The objects returned by cumincglm
and rmeanglm
inherit from glm
, so many methods are available, including predict
and resid
. Residuals use the scaling factor suggested by Perme and Andersen (2008), as do predictions. Predicted restricted means give a possible method to predict individual event times, while the predicted cumulative incidence should be probabilities. Note that with the identity link, the predicted cumulative incidence is not guaranteed to be between 0 and 1.
hist(predict(mgfitrmean2, newdata = mgus2),
xlab = "Predicted lifetime lost due to PCM", main = "")
mgus2$prob.pcm10 <- predict(mgfitci2, newdata = mgus2)
mgus2$pseudo.ci <- mgfitci$y
summary(mgus2$prob.pcm10)
## Min. 1st Qu. Median Mean 3rd Qu. Max. NA's
## -0.09178 0.03774 0.06411 0.06423 0.08706 0.18443 46
cutps <- quantile(mgus2$prob.pcm10, seq(.1, .9, by = .1), na.rm = TRUE)
mgus2$prob.cut <- cut(mgus2$prob.pcm10,
cutps)
pred.p <- cutps[-length(cutps)] + diff(cutps)
obs.p <- c(by(mgus2$pseudo.ci, mgus2$prob.cut, mean))
plot(obs.p ~ pred.p, xlab = "predicted 10 year risk", ylab = "observed 10 year risk")
abline(0, 1)
You can specify a vector of times in cumincglm
to get a model that assumes the effect of the covariate is constant over those times. Let’s see how this works in the colon
example.
mvtfit1 <- cumincglm(Surv(time, status) ~ rx,
time = c(500, 1000, 1500, 2000, 2500),
data = colon, survival = TRUE)
summary(mvtfit1)
##
## Call:
## cumincglm(formula = Surv(time, status) ~ rx, time = c(500, 1000,
## 1500, 2000, 2500), data = colon, survival = TRUE)
##
## Deviance Residuals:
## Min 1Q Median 3Q Max
##
##
## Coefficients:
## Estimate Std. Error z value Pr(>|z|)
## (Intercept) 0.829127 0.021793 38.046 < 2e-16 ***
## factor(pseudo.time)1000 -0.170283 0.012340 -13.800 < 2e-16 ***
## factor(pseudo.time)1500 -0.263039 0.014456 -18.196 < 2e-16 ***
## factor(pseudo.time)2000 -0.314852 0.015290 -20.592 < 2e-16 ***
## factor(pseudo.time)2500 -0.351750 0.016423 -21.419 < 2e-16 ***
## rxLev 0.003942 0.032530 0.121 0.90355
## rxLev+5FU 0.093737 0.031979 2.931 0.00338 **
## ---
## Signif. codes: 0 '***' 0.001 '**' 0.01 '*' 0.05 '.' 0.1 ' ' 1
##
## (Dispersion parameter for quasi family taken to be 1)
##
## Null deviance: 1091.5 on 4644 degrees of freedom
## Residual deviance: 1009.4 on 4638 degrees of freedom
## AIC: NA
##
## Number of Fisher Scoring iterations: 2
This fits the model (in general terms) \[g\{P(T_i < t_b| X_i = x_i)\} = (\beta_0 + \beta_b) + \beta_1x_i, b = 1, \ldots, k.\]

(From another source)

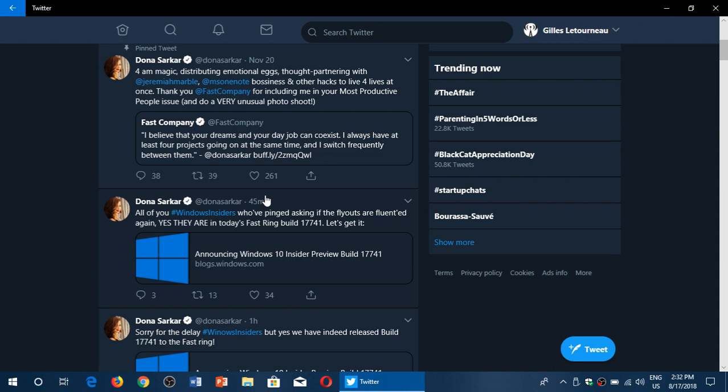Pretty cool and shows that I'm starting to wonder if it's not going to arrive maybe sooner than we think. We were talking about, you know, October. Maybe it could arrive in September, who knows. So anyways, 17741 released for fast ring, check it out.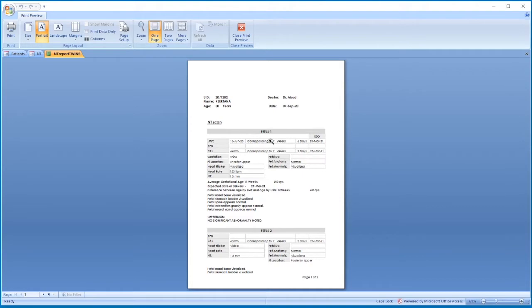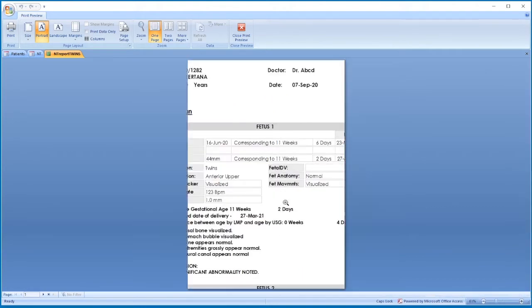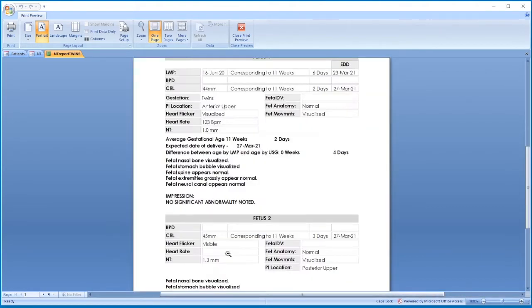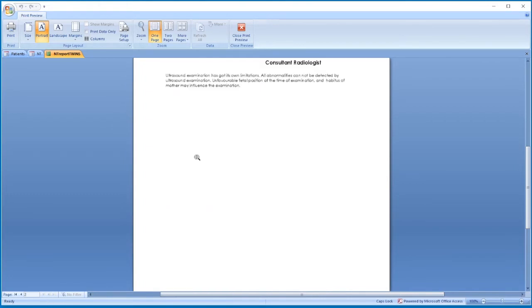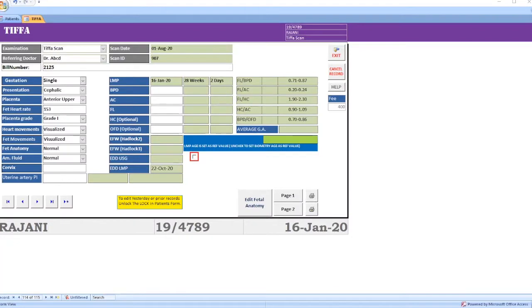If it is a twin pregnancy at 11 to 14 weeks, the report will show fetus 1 details and fetus 2 details. This is the complete report. This is the T2A form — again there are different options: single, twin, and triplets.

In this model, the intercept is the survival probability in the Obs arm at time 500 (the reference time). The terms labeled factor(pseudo.time)t
represent the change in the intercept associated with the time t
. So, for example, the survival probability in the Obs arm at time 1000 is 0.83 + -0.17 = 0.66.
Looking at the survival curves in previous lesson, the assumption of a constant treatment effect on the survival difference scale may be questionable. We can allow covariate effects to be time dependent by wrapping them in the special term tve()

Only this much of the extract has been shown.